2. The Florida Project
This movie opened eyes to an underbelly population minutes away from the supposed happiest place on earth. Sean Baker has these ideas to create stories based on real places, using real people, which should be revered. (As evident with Tangerine) Willem DaFoe, who plays motel manager Bobby, stars in the movie, yes, but outside of DaFoe the cast consists of Floridians who probably never expected to be in an Oscar-worthy film. The essence of childhood’s portrayed in this feature film, and what exactly it’s like growing up poor adjacent to Disney World.

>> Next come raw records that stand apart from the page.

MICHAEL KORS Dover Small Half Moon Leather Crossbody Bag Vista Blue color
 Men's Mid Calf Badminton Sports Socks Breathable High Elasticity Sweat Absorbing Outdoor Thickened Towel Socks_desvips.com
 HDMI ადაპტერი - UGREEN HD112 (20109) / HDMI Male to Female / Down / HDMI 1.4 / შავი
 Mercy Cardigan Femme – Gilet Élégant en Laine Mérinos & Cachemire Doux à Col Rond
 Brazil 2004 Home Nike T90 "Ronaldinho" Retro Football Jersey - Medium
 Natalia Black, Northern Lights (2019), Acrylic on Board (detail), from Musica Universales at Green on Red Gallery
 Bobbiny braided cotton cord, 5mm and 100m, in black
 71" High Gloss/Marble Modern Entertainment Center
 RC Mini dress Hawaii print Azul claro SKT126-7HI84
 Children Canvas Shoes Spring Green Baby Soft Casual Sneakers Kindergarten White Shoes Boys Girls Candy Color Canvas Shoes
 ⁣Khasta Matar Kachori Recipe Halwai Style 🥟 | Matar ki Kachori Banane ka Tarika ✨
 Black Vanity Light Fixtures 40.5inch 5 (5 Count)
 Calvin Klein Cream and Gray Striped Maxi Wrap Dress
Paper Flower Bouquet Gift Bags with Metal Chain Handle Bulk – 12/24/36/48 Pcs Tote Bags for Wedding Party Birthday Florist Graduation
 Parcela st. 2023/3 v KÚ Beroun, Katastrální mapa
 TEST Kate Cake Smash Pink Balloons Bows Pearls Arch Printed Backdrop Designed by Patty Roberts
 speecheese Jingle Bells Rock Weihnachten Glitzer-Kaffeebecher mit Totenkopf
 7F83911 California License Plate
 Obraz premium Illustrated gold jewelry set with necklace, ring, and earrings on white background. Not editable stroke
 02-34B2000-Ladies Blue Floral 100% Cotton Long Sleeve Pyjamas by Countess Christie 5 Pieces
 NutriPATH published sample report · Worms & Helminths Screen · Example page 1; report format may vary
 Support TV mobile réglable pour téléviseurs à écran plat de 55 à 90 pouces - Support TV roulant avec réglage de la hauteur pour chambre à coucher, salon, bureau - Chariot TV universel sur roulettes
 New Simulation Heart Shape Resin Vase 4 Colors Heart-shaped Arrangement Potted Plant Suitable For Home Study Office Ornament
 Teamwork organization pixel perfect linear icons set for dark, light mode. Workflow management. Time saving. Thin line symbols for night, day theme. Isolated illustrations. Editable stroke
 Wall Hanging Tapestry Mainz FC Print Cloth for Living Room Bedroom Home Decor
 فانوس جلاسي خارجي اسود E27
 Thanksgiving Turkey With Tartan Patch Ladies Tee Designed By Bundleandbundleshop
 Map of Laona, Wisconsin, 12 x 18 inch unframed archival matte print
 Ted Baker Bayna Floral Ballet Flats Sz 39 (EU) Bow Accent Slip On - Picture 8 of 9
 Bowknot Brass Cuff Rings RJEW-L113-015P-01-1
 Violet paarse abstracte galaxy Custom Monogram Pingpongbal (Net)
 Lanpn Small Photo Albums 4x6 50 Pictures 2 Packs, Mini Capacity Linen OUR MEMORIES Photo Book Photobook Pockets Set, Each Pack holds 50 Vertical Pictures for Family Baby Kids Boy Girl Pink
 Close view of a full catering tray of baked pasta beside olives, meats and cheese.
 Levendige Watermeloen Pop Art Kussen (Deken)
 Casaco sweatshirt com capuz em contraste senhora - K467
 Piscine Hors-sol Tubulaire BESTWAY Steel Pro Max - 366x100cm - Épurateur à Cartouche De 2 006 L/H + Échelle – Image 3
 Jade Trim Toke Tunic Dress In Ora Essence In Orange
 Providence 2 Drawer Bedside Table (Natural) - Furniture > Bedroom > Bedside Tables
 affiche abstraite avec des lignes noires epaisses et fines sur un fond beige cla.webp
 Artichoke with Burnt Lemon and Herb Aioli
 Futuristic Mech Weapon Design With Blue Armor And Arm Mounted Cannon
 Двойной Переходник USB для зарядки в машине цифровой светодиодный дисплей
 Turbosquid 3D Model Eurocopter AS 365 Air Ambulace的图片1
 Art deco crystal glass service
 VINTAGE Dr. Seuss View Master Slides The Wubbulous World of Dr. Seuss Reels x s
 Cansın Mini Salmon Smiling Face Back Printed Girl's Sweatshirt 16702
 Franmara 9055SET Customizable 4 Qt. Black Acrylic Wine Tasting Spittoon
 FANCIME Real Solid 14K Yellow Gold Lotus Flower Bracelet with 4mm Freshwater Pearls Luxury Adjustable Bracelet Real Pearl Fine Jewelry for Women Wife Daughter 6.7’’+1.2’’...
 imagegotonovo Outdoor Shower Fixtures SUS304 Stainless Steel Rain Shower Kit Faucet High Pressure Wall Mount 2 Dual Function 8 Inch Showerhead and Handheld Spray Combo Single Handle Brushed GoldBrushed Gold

It’s haunting how real Baker makes this movie feel.
1. Get Out
Back in March, the night before a major snowstorm hit Albany, NY, my cousin and roommate Chuck and I, ventured to a theater to see this flawless film. It’s everything a viewer could possibly want from a movie. It had excitement, it had humor, it had stupendous acting. Chris Washington (Daniel Kaluuya) has to spend the weekend at his girlfriend Rose Armitage (Allison Williams) family’s house. Washington has never met her family, and even though his friend, Rod Williams (LilRel Howery) tried to warn him, he makes an unforgettable trip to the Armitage’s. Get Out was an experience unlike anything. The theater reacted to every scene like it was Super Bowl LI. Jordan Peele knocked his first directed movie right out of the park. See this movie.